This is the fourth and final article in this series — the home stretch. My definition of “roleplaying-intensive” is in Part 1, along with tips 1-3; tips 4-6 are in Part 2 and tips 7-9 are in Part 3.)
10. Driftable Mechanics
(This topic was suggested by Gnome Stew reader Irda Ranger — excellent suggestion, IR.)
“Drift” just means taking an element — usually a mechanic — from one RPG and using it in another RPG. Sometimes that involves conversion from one system to the other, and sometimes it’s just a straight-up graft from system A to system B, with no changes to the element itself. If you like to tinker, chances are you’ve drifted something before — but you might not have done it specifically with roleplaying in mind.
When drifting a mechanic to amp up a roleplaying-intensive game, you should look for a game element that:
- Is specifically related to roleplaying.
- Ideally, ties roleplaying to a mechanical reward or benefit.
- Is fairly simple.
- Worked well in the source game, and seems like it would fit well in the destination game.
Burning Wheel, Luke Crane’s excellent indie fantasy RPG, provides two great examples of potential driftable mechanics.
The first, used by a friend of mine back in Michigan, is its system of Beliefs and Instincts. Beliefs are character traits that, when used in conjunction with appropriate roleplaying, earn you a bonus to a roll (in BW, and extra die); Instincts are things so ingrained in a PC that she does them automatically, like “Always sit with my back to a wall,” or “When danger is near, my sword is always drawn.” Instincts are a combination protective measure against “gotcha” GMs (as in, “You didn’t say your sword was drawn…” — delivered in a whiny, nasal tone, of course) and outward declaration of the roleplaying elements of a character, rolled up with a minor mechanical benefit.
The second is BW’s Duel of Wits — which is hands-down one of my favorite aspects of the game. It’s a set of detailed rules for engaging in PC vs. PC or PC vs. NPC debates, and while that might initially sound slightly less exciting than watching paint dry, the DoW has been the highlight of nearly every BW game I’ve ever played.

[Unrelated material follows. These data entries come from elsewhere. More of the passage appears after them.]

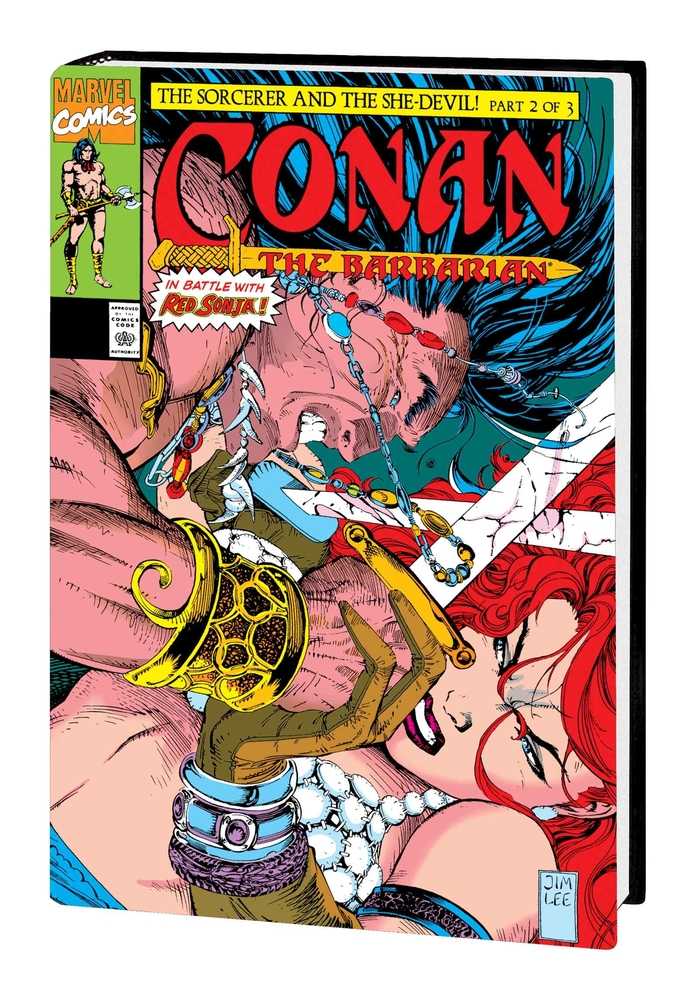 Conan The Barbarian Original Marvel Years Omnibus Hardcover Volume 10 Jim Lee Cover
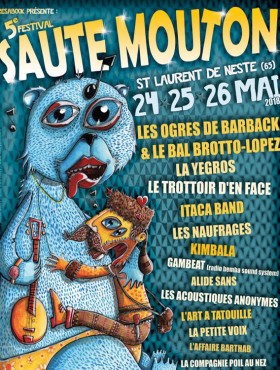 Affiche Festival Saute Mouton 2018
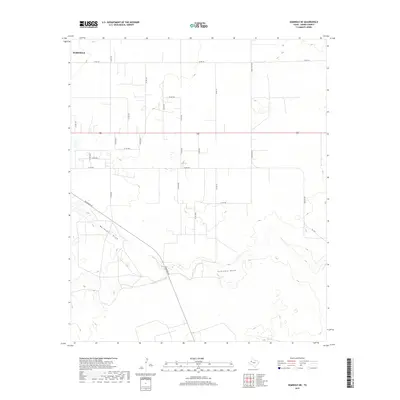 2019 Map of Seminole NE, 2019 Print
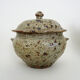 Tea set in glazed sandstone La Hulotte. Folk Art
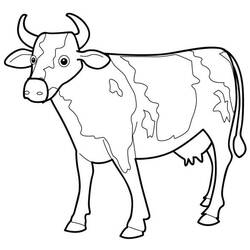 Página para colorir: Vaca (animais) #13190 - Páginas para Colorir Imprimíveis Gratuitamente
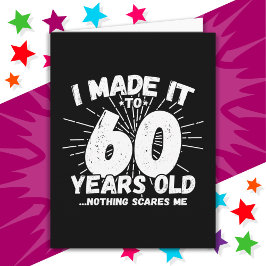 Tarjeta Meme sarcástico de 60 años de antigüedad Gracioso 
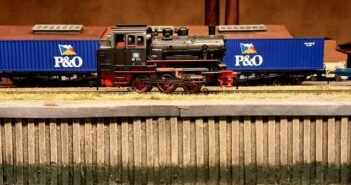 Fleischmann 5239 Containerwagen „P&O“ Lgjs 598 der DB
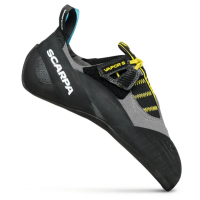 SCARPA Mens Vapor S Smoke/Yellow Climbing Shoes (70078/001-SmkYel)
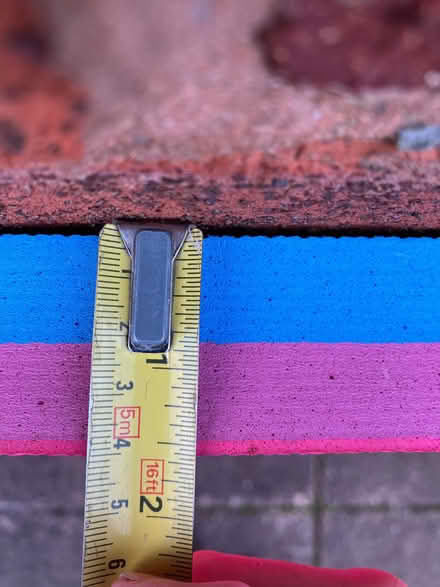 Photo of free 3 x Cannons UK Ltd Red & blue 40mm thick Tatami jigsaw mats (Aston CH5) #3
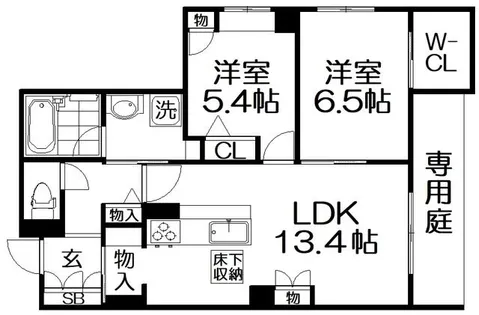 シャーメゾン レソール【1階】の間取り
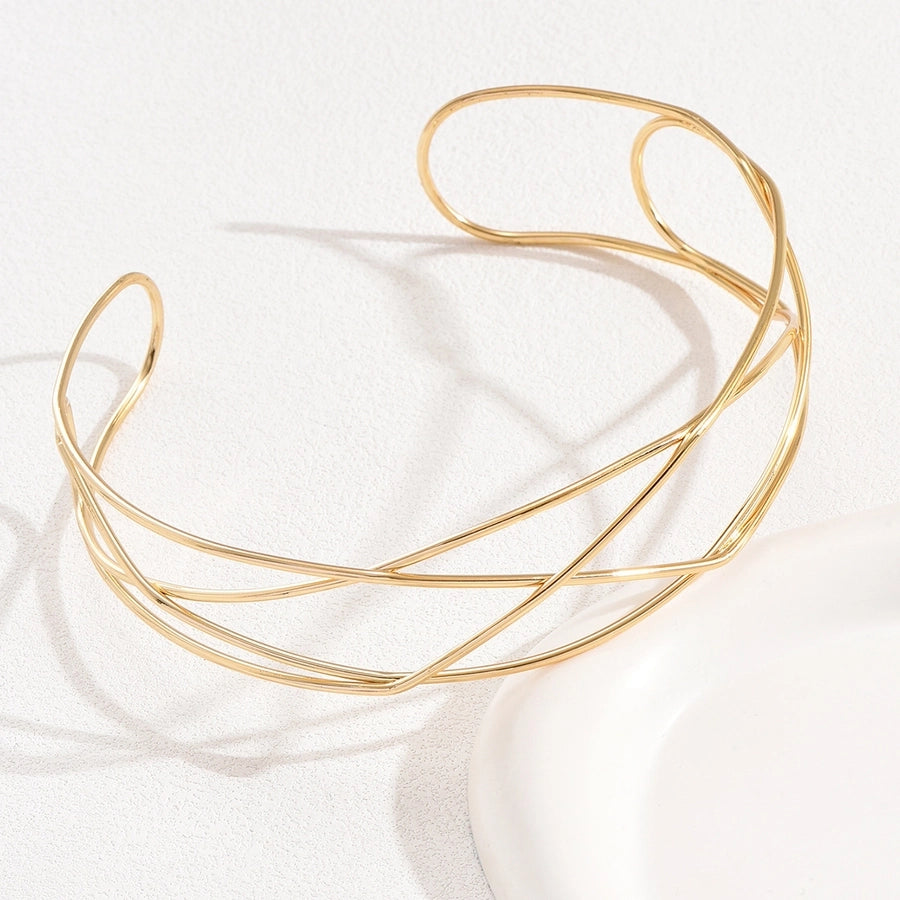 Elegant Streetwear Geometric Alloy  Choker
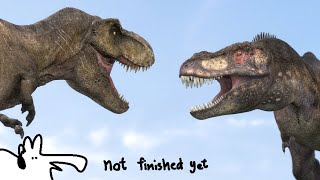 T Rex vs T Rex The Legend wip [upl. by Holland]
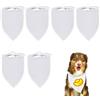 Generic Bandane per cani, 6 pezzi, tinta unita, bianche, triangolari, per cani, cuccioli, gatti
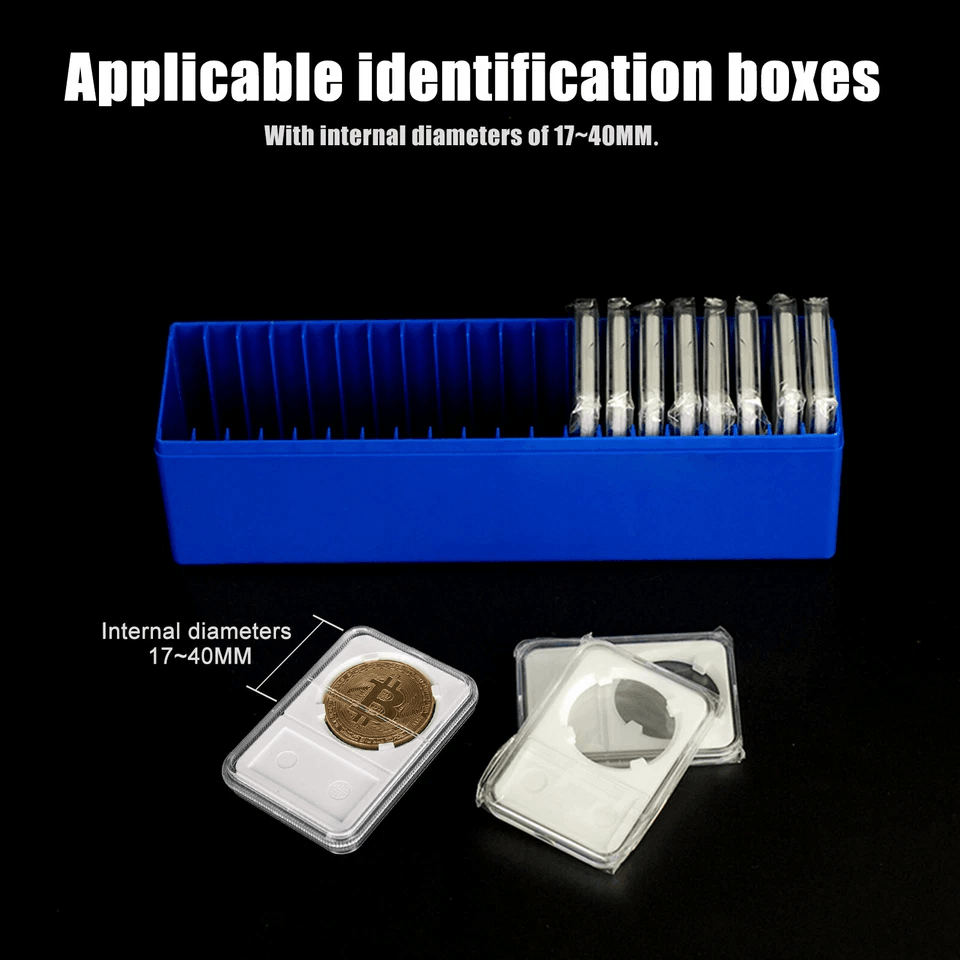Coin Storage Box For 20 PCGS NGC ANACS Slabs Collector Display Case Holder 3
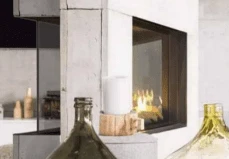 Sierra Flame 48 Inch Four-Sided See Through Natural Gas Fireplace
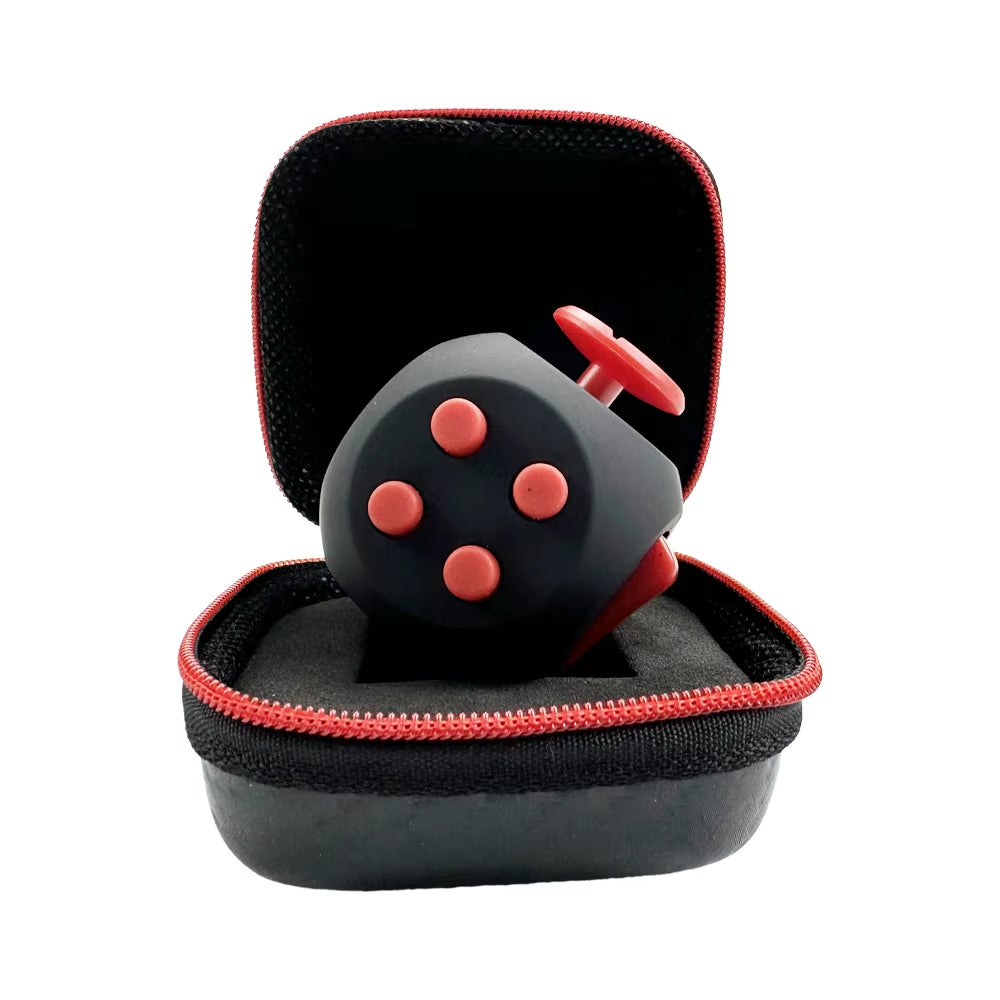 Fidget Cube EDC Stress Relief Toy - Sensory Fidgeting Dice for Adults and Children with Autism and ADHD, 12 Sides for Enhanced Focus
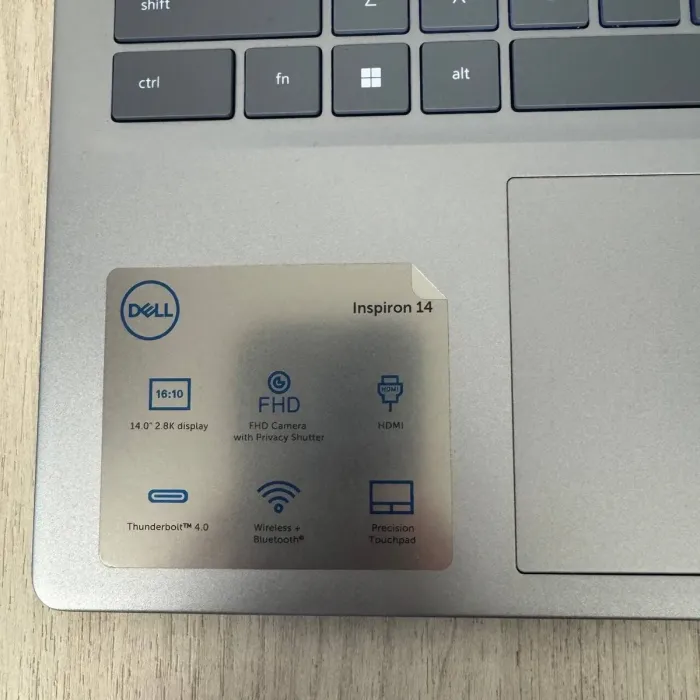 Ноутбук Dell Inspiron 7440 / 14" (2880x1800) IPS / Intel Core Ultra 7 155H (16 (22) ядер по 1.4 - 4.8 GHz) / 16 GB DDR5 / 1000 GB SSD / Intel Arc Graphics / WebCam б/в - зображення 4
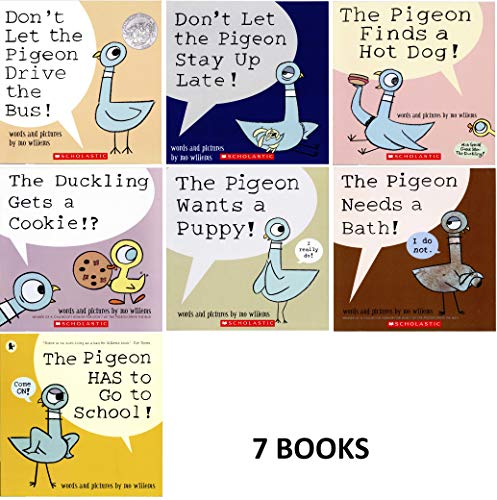 Beispielbild fr Pigeon Series 7 Book Set : Don't Let the Pigeon Drive the Bus / Stay up Late. Pigeon Finds a Hot Dog .and 4 More Titles zum Verkauf von GF Books, Inc.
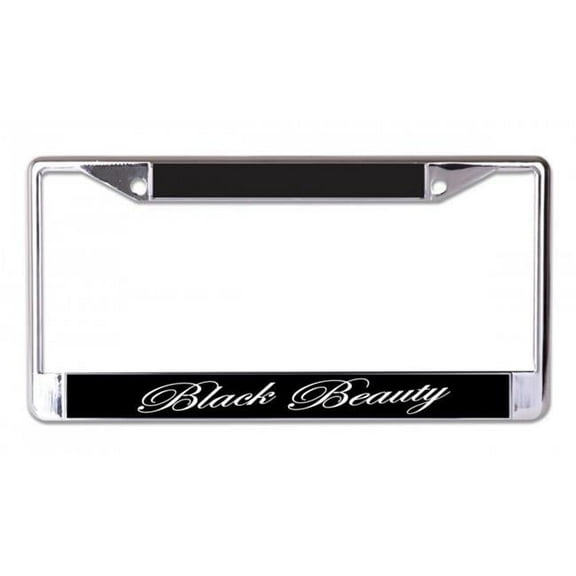 Black Beauty Chrome License Plate Frame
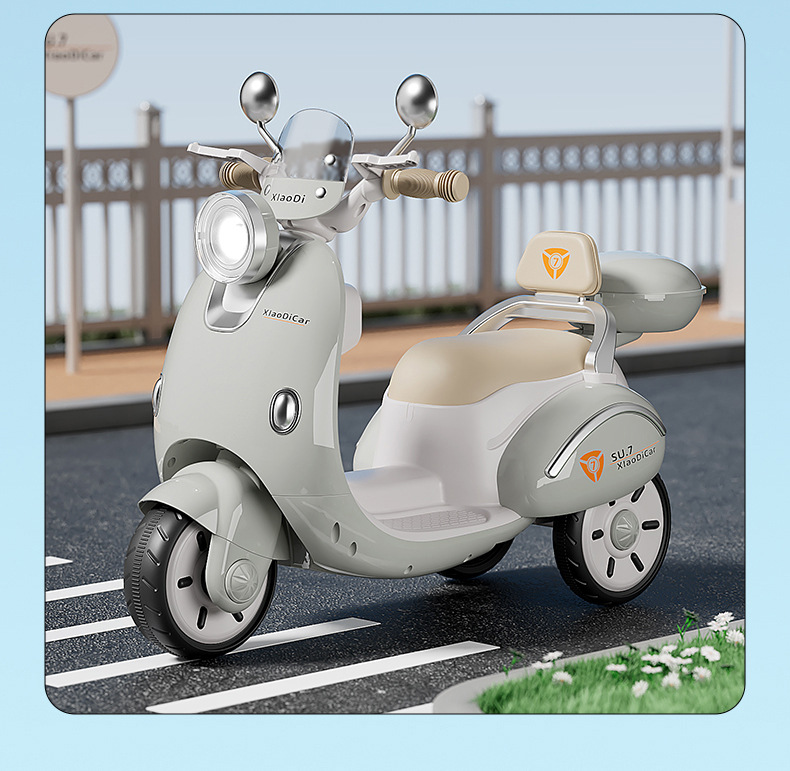 儿童电动摩托车男女孩宝宝三轮车电瓶车遥控充电可坐人小孩玩具车详情29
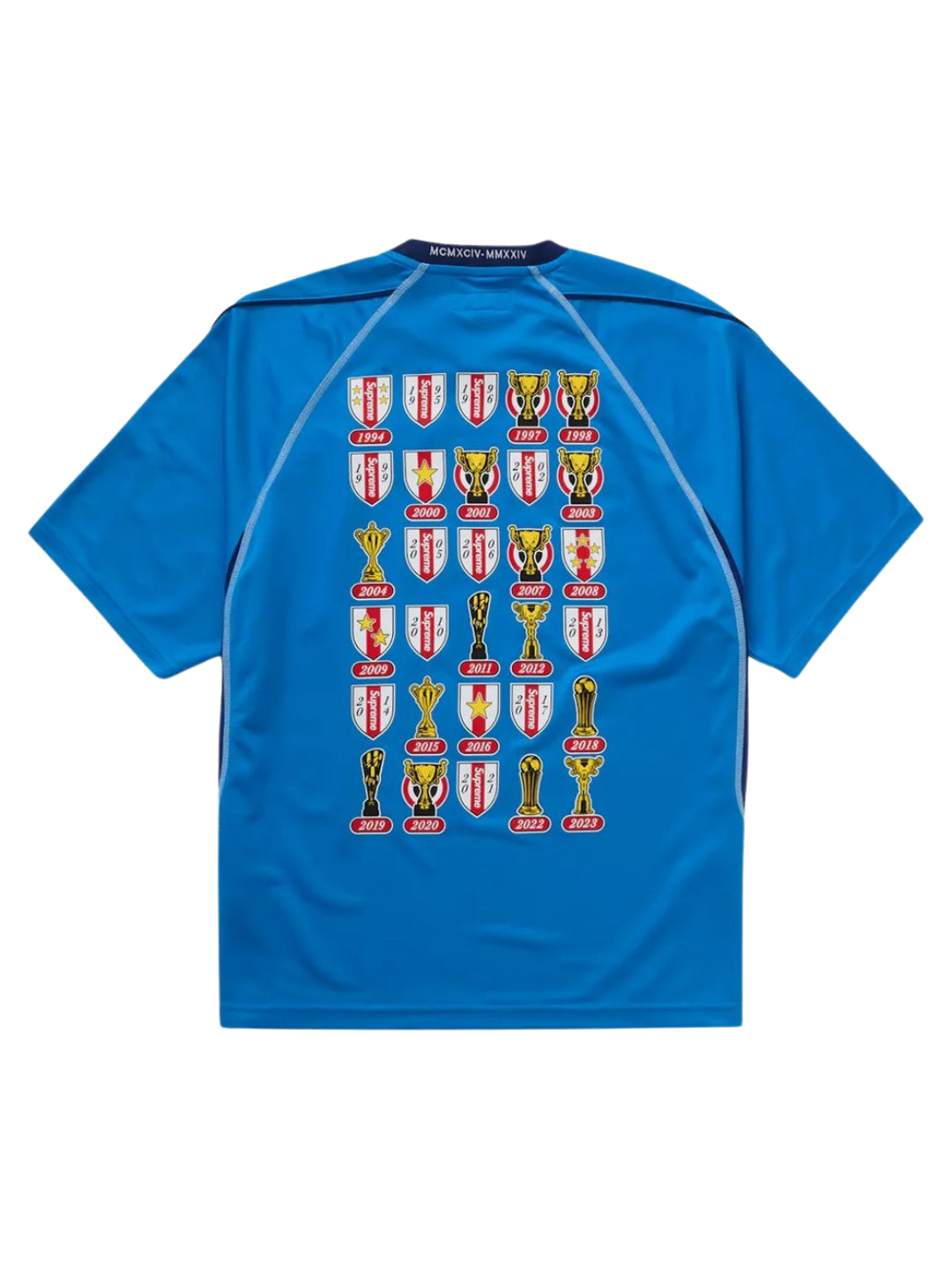 Supreme Jacquard Soccer Jersey Blue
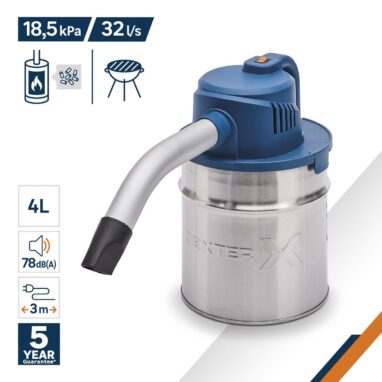 Aspirator pentru cenușă Dexter, 800 W, Rezervor 4 L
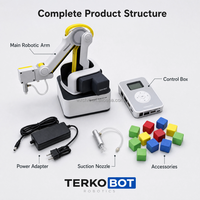 Kit de Brazo Robótico de Codificación Magician Lite, Brazo Robótico Educativo STEM para Programación, para Cursos de Robótica con IA en Escuelas Primarias y Secundarias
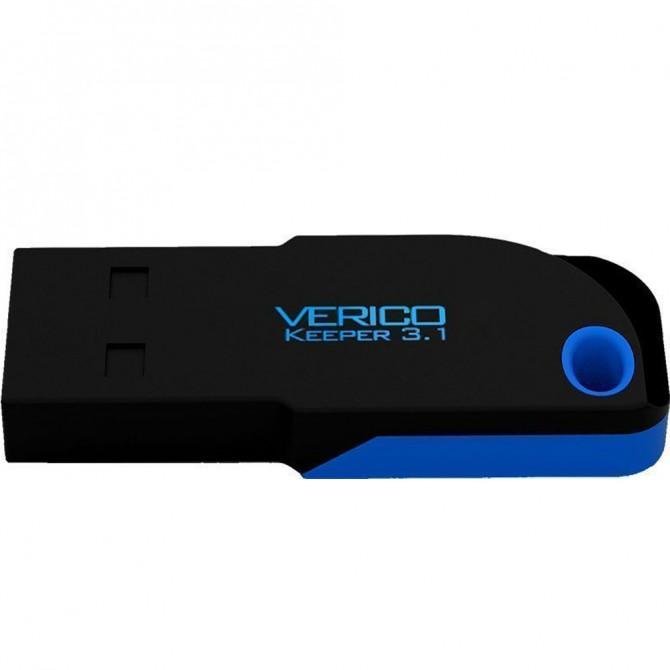 Флеш память Verico USB 16Gb Keeper Чёрный+Синий USB 3.1-1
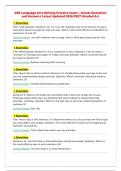 GED Language Arts Writing Practice Exam &cap;&boxUl;&pound; Actual Questions and Answers Latest Updated 2026&Gamma;&ecirc;&ograve;2027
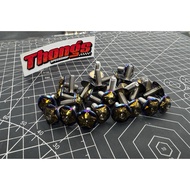 Big Head M6 Titanium It Salaya Bolt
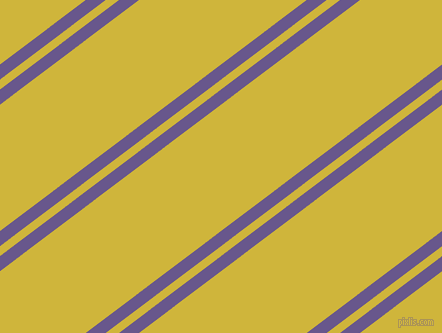 37 degree angle dual stripes lines, 12 pixel lines width, 8 and 101 pixel line spacing, Butterfly Bush and Old Gold dual two line striped seamless tileable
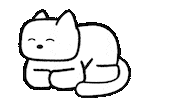 Cat Spinning Sticker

The key with the DoW mechanics is that they codify the outcome in game terms (both parties agree on what’s at stake, and the loser must abide by those terms — or escalate to violence), as well as providing rules for the inidividual debate maneuvers — and most importantly for our purposes, simple rules for getting bonuses to your rolls based on roleplaying. They also encourage everyone at the table to take one side or the other (the players debating the GM wouldn’t be nearly as fun), and the only way to participate mechanically is to participate in the roleplaying, as well.
Both Beliefs/Instincts and the Duel of Wits are self-contained systems that can be drifted into other games without breaking anything. Beliefs/Instincts need only a minor tweak to fit the resolution mechanics of the destination game, while the DoW would require some elbow-grease to adapt successfully.
11. Metagame Discussion
Broadly speaking, there are three schools of thought when it comes to metagame discussion:
- Oh god, metagaming! It burns! I know of at least one group that has a metagame comment cup where players have to deposit a quarter if they speak out of character, and another game where everyone puts a hand on their heads when they want to speak OOC. I shit you not.
- The wide middle ground — the Midwest of metagame discussion. This covers most groups I’ve gamed with: For the most part, everyone tries to talk in character as much as possible, but there’s no hard and fast rule and no penalties for drifting into metagame chatter. This usually works OK.
- Mmmm, delicious metagaming. At the other extreme are groups where almost nothing is ever said in character. If everyone says, “My guy does X,” you’re in one of these groups. As a general rule, I’d rather be playing a boardgame than playing RPGs this way.
Wherever you fall on that spectrum, if you’re aiming to run a roleplaying-intensive campaign, metagame discussion at the table can be a real problem. Nothing takes your players (or you) out of character faster than a long, tangential discussion about rules minutiae or a lengthy out-of-character chat about topics that could easily be covered in character.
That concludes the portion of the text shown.